Herd optimisation continues, positioning for future supply tightening. CMD’s herd reduction in FY25 was an active optimisation rather than demand-driven contraction. As a result, the proportion of milkable cows increased from 51% to 58%, and management expects this ratio to remain stable in 2026, supporting a mid-single digit sales volume growth this year. While looking beyond 2026, there could be industry-wide shortage of replacement heifers, with some farms operating at high portions of milkable cows (70–80%), which may lead to accelerated herd declines in the industry in 2027/28. CMD is proactively adjusting its breeding and retention strategy to prepare for this potential supply change.
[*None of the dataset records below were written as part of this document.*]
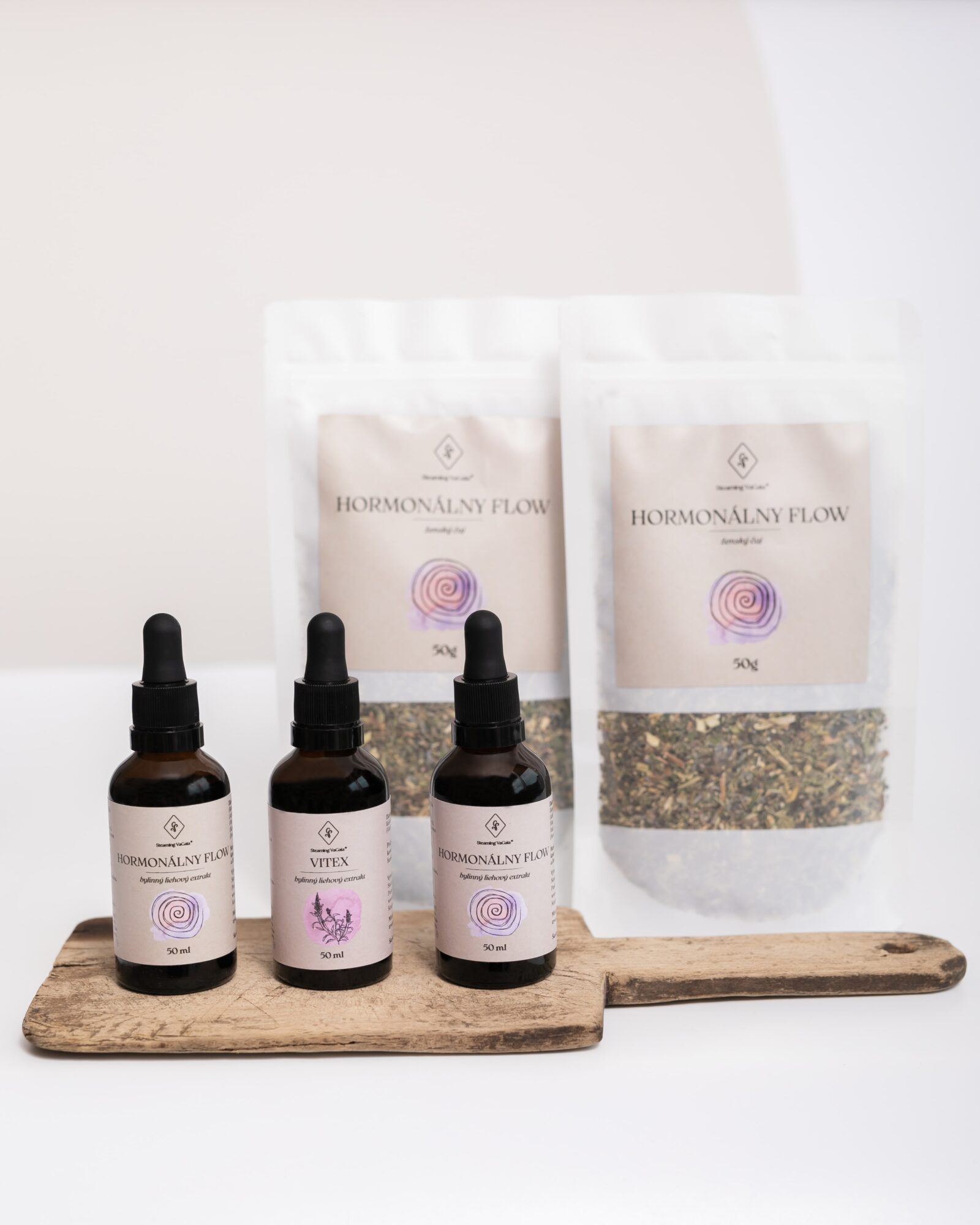 Bylinná kúra - Hormony v harmonii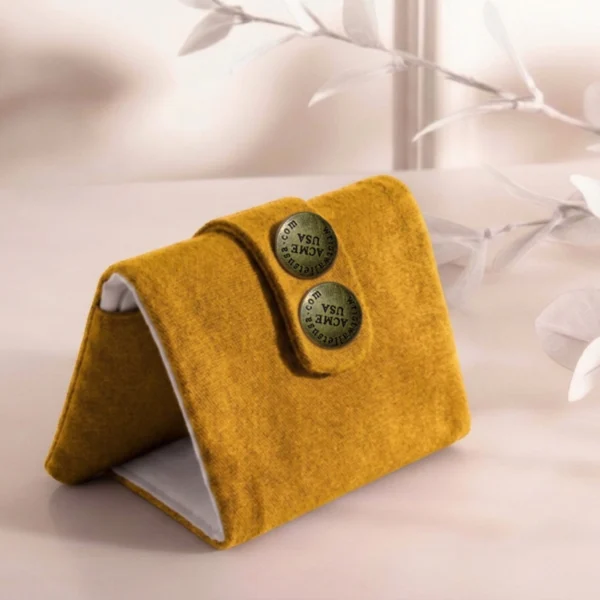 Light Gold Wrist Wallet AMB67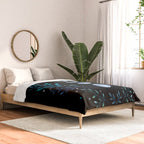 Moonlight Garden - Blue Comforter Gallery Image 2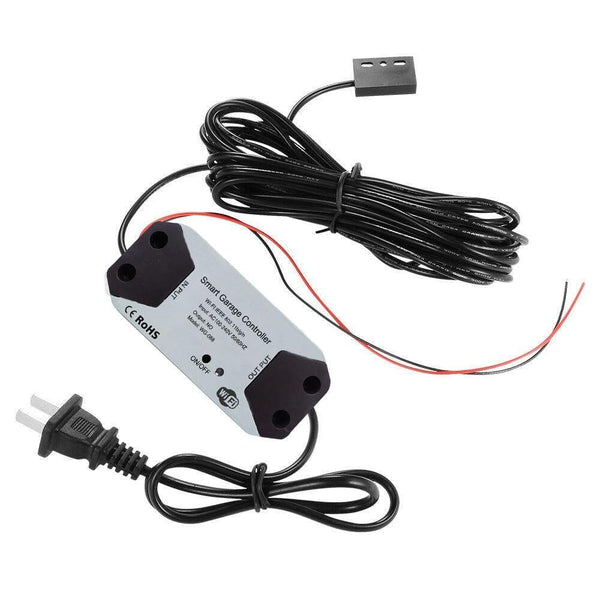 Planet Gates Wofea Garage Door Opener Wifi Remote Controller Supprot Alexa Google Home Voice Remote Work With Tuyasmart & Smartlife APP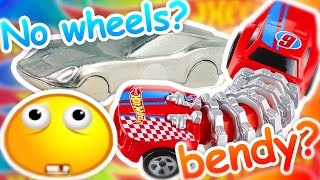 Weird Hot Wheel Gimmicks [upl. by Gerrilee]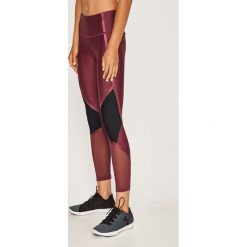 Under Armour - Legginsy. Niebieskie spodnie damskie Under Armour, s, bez wzorów, z elastanu. W wyprzedaży za 169,90 zł.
Capex discipline remains in place, with a planned RMB400–500mn reduction in 2026, supporting positive free cash flow (excluding the planned Shengmu acquisition).

 

Efficiency gains and new growth drivers to support margins. The company continues to focus on cost leadership, targeting further reductions in feed cost per kg of milk (from RMB1.77 to <RMB1.75 in 2026), supported by hedging strategies and ongoing operational optimisation (average milk yield to edge up from 12.9kg to >13kg this year). We expect raw milk gross margin to improve to 32% this year (FY25: 31.2%), with further upside towards an ideal level of 35–36%. Beyond cost control, CMD is advancing multiple strategic initiatives, including digital transformation, energy efficiency upgrades, and expansion of its capital-light trusteeship model, which is gaining traction domestically and in Southeast Asia. Meanwhile, increasing exposure to deep-processing customers (e.g. cheese and butter manufacturers) and a more diversified customer base should support more stable demand and enhance long-term value creation. The planned acquisition of Shengmu should also provide future synergy, as Shengmu brings in high-end organic milk contribution, while supporting a more integrated and efficient production and distribution network. 

 

Maintain BUY; TP HKD1.70. We cut FY26F earnings by 67% as we revised down the raw milk price assumption, while expecting raw milk price recovery towards 2H26 and 2027. However, our TP was lifted to HKD1.70 (previously HKD1.56), as we rolled forward the valuation and incorporated higher long term margins with improved efficiency. Our TP is based on a DCF valuation with WACC at 9% and terminal growth of 1.5%.